Bisnis.com, JAKARTA — Progres pembangunan smelter PT Freeport Indonesia (PTFI) telah mencapai 3,2 persen hingga akhir Agustus 2019 atau lebih tinggi dari target berdasarkan kurva s yang telah disampaikan kepada pemerintah sebesar 2,76 persen.
Direktur Pembinaan Pengusahaan Mineral Kementerian ESDM Yunus Saefulhak mengatakan capaian tersebut telah disesuaikan dengan belanja modal (capital expenditure/capex) perseroan yang meningkat menjadi US$2,7 miliar. Sebelumnya, pada Maret 2019 progres smelter telah mencapai 3,8 persen, tetapi berdasarkan capex yang masih senilai US$2,59 miliar.
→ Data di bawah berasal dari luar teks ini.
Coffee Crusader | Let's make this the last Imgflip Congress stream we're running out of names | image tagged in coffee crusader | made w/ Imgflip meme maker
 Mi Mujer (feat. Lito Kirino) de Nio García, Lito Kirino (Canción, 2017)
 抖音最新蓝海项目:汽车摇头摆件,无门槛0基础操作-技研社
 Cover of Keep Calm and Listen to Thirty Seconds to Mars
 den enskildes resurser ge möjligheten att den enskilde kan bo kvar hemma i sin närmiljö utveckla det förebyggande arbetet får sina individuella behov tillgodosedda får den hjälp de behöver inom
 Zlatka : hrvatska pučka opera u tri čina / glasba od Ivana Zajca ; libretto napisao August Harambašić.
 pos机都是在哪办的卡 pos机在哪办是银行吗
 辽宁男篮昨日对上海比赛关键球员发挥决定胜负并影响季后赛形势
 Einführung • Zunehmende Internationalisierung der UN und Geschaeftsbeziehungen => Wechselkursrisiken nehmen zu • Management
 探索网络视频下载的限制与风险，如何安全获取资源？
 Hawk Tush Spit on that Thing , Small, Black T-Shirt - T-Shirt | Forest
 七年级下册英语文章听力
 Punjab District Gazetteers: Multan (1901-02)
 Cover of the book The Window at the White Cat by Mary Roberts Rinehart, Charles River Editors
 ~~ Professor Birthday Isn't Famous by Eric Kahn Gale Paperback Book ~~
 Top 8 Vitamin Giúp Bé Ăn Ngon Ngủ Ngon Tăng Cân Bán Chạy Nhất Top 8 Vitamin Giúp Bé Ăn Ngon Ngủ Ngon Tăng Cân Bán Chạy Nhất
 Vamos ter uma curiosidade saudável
Peningkatan nilai capex untuk pengerjaan smelter menjadikan besaran pembagi untuk menghitung progres fisik smelter juga semakin besar sehingga hasilnya seolah-olah terjadi penurunan capaian. Padahal, lanjut Yunus, progres smelter Freeport Indonesia yang akan memiliki kapasitas 2 juta ton konsentrat tembaga tersebut justru telah melampaui target pada Agustus 2019.
Yunus menjelaskan peningkatan capex tersebut karena adanya perubahan teknologi yang digunakan. Sebelumnya, Freeport Indonesia menggunakan Mitsubishi untuk smelter yang berlokasi di Gresik tersebut, namun belakangan berganti menjadi Outotec.
"Ini kurva s terbaru karena dulunya menggunakan Mitsubishi berubah menjadi Outotec," katanya, Senin (23/9/2019).
Saat ini, kegiatan pembangunan smelter difokuskan pada pematangan lahan yang dinilai menjadi salah satu kendala pembangunan.
Menurutnya, dengan lahan yang mengandung lumpur, perlu dilakukan pemboran untuk menghilangkan kandungan air. Kondisi ini bertujuan agar smelter yang dibangun menjadi stabil.
Juru Bicara Freeport Indonesia Riza Pratama mengatakan pematangan lahan setidaknya akan rampung hingga awal tahun depan. Setelah itu, pembangunan fisik baru bisa mulai dikerjakan.
"Semoga saja [rampung sebelum 2022]," katanya.